By Eric Rodriguez (not verified) on 15 Oct 2010 #permalink

Make a movie of an electron's probability cloud of positions immediately after being measured by collision with a photon. The probability cloud expands with time; that's what we expect. Now play the movie backwards. The probability cloud contracts - time irreversibility.

By Chris Crawford (not verified) on 15 Oct 2010 #permalink

There is nothing strange about that. You just started in a very special initial state, one which is unlikely to be realized and that's why you feel the time reversed motion seems strange. But it doesn't violate any fundamental law.

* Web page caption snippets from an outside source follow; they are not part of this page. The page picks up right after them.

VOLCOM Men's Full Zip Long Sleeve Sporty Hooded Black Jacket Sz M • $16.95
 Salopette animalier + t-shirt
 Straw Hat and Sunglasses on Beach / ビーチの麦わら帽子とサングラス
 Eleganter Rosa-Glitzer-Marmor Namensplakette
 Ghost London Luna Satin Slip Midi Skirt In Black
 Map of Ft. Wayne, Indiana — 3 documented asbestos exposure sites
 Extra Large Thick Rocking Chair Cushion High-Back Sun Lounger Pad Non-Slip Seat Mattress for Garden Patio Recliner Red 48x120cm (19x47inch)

Glad to see you blogging again. The symmetry of time reversal violation is equivalent to CP violation under the (fairly reasonable but possibly a bit dated due to anti-neutrino mass measurement) assumption that CPT is a perfect symmetry. My latest paper shows that CP violation in the CKM mixing matrix (i.e. weak interactions) can be attributed to Berry / Pancharatnam / quantum phase. The paper had a strange rejection at Foundations of Physics. Both reviewers said it should be published, but one suggested it was too mathematical and more suited to Journal of Mathematical Physics. The FoP editor agreed, so I'm getting it ready for JMP.

I'm not sure whether comments #3 and #4 refer to my own comment or to the main post, but I'll assume that they are. If so, then here are my responses:

#3: Yes, Schrodinger's equation is time symmetric. The Uncertainty Principle (when applied over a period of time) isn't.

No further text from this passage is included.